For so long, Pakistan’s greatest weapon Saeed Ajmal was not selected due to his dismal performance with a revised action. In his stead the duo of Zulfiqar Babar and Yasir Shah were given a go ahead and both have been ever-present in the longest format since Pakistan beat Australia in the UAE last year.
Ahmed Shehzad made a comeback after he was dropped for the Bangladesh series post-World Cup due to disciplinary issues. Meanwhile, Ehsan Adil also returns after suffering an injury before the series against Bangladesh.
But question marks hang over the selection of Fawad Alam. Why was he sent to lead the A team in Sri Lanka if he was not going to be selected for this tour? Is he doomed to serve only in the A team for his entire career, despite proving himself time and again?
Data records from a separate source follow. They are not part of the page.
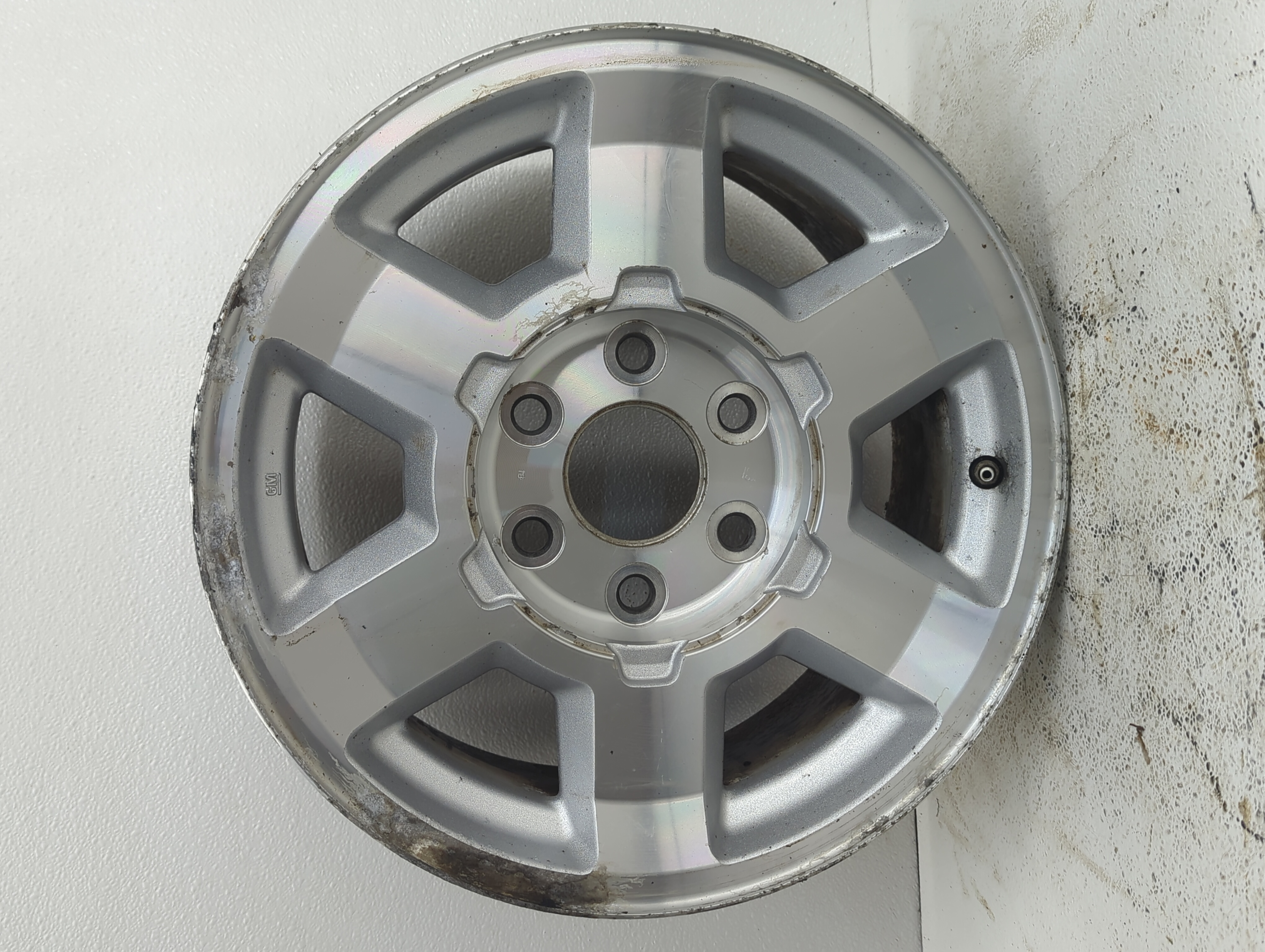 2004-2006 Gmc Yukon Wheel Rim Oem 927327 - Oemusedautoparts1.com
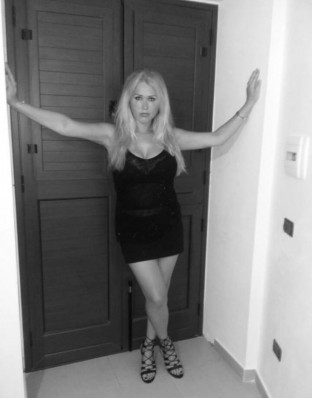 Diana Estonian Escort Anal Sex Domination Fingering Abu Dhabi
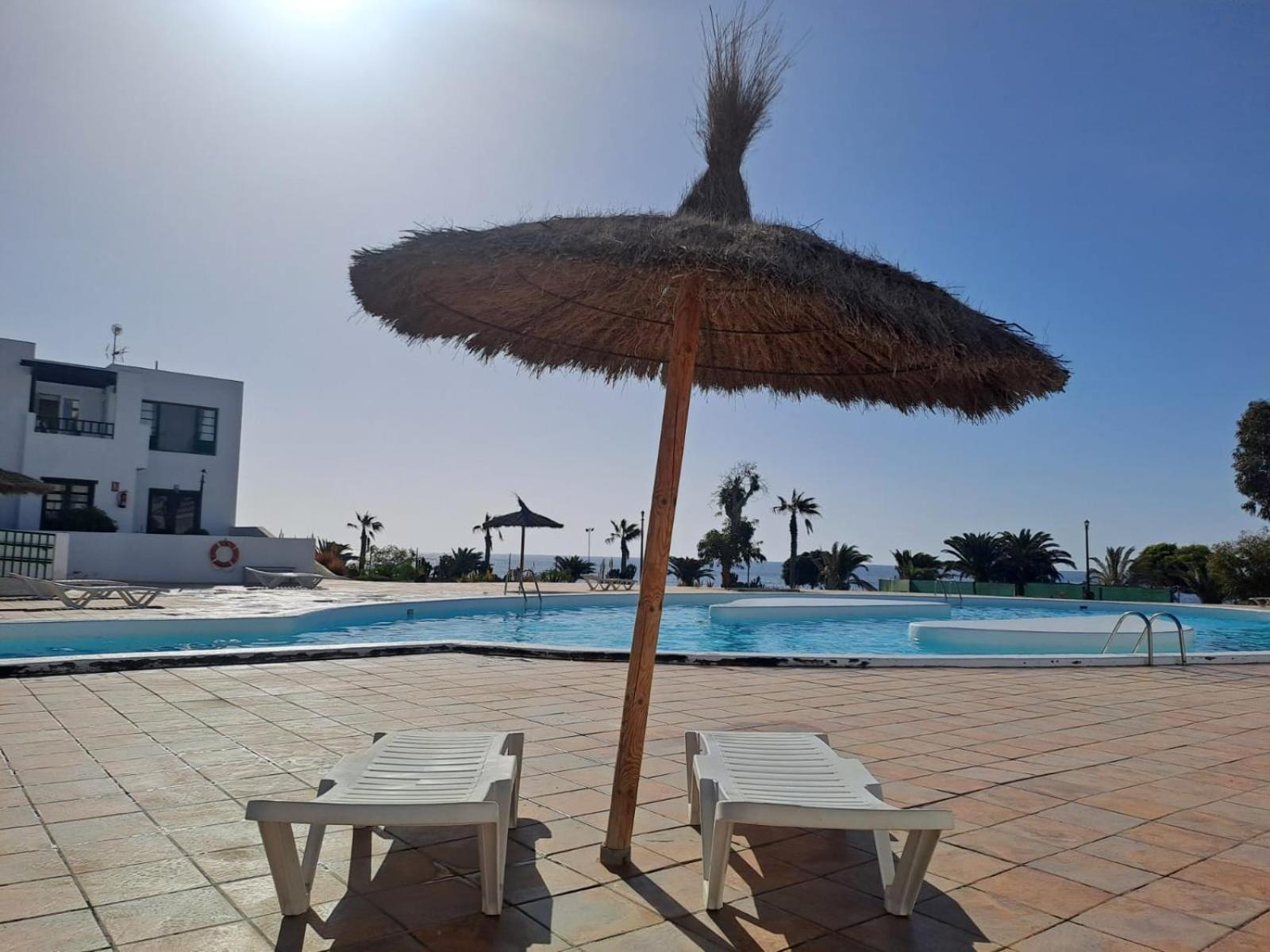 Azul Tuscan Playa Y Piscina Costa Teguise Eksteriør billede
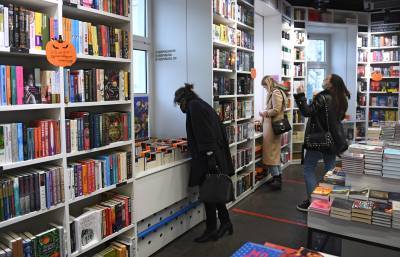 Олег Новиков - Издатели предупредили о риске подорожания книг - tvc.ru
Chief selector Haroon Rasheed said that the squad was selected keeping in mind the conditions, potential of players, form and fitness and the performance in the recently concluded Bangladesh series and A team tours to Sri Lanka.
In the first two unofficial ODIs, Fawad made 58, 65 and 76 not out. He then followed it up with scores of 72, 64 and 12 in the three unofficial four-day matches to score five half-centuries in the six times that he batted.
Shan Masood, the only new face in the Test side, made an impressive 182 in the third and final unofficial four-day match and was selected on the basis of that performance. Masood’s inclusion further raises eyebrows since he was selected for his showing against Sri Lanka A but Alam was not for a similarly impressive series.
Do Pakistan have a Plan B?
For some time now, losing the toss to Pakistan has spelt the death knell for opposition teams, starting from the humbling of Australia last year in the UAE, followed by New Zealand.
In the recently concluded Bangladesh series after a whitewash in ODIs and one-off T20, Pakistan put their batting-first-and-winning plan to good use to claim their only win of the tour.
But what if they are not given a chance by the Islanders to bat first? And New Zealand did exploit Pakistan’s weaknesses when they beat Pakistan in the third Test even after the men in green batted first.
Pakistan ought to have plan B and C at their disposal if they are to have any chances of a series win.
Is this the end of the line for Younis and Misbah?
The glorious careers of Misbahul Haq and Younus Khan are drawing to a close and long-term replacements for the long-serving duo need to be chalked up.
The duo are the most important part of Pakistan’s middle-order which has been a formidable force for the team in the longest format. They have piled up runs at will to grind out opposition after opposition but if Misbah’s decision to play Tests only till the end of 2015 materialises, the PCB needs to act quickly to find a suitable replacement.
Moreover, Younus’ heydays are also coming to an end even if the 37-year-old shows no sign of slowing down. The advancing age of the two right-handers makes Alam’s exclusion even more mindboggling.
The last Sri Lanka-Pakistan series in August 2014 resulted in a 2-0 defeat in Tests and a 2-1 loss in the ODIs. With Pakistan’s Champions Trophy qualification on the line, a victory in the Tests will surely serve as a morale boost going into the ODIs.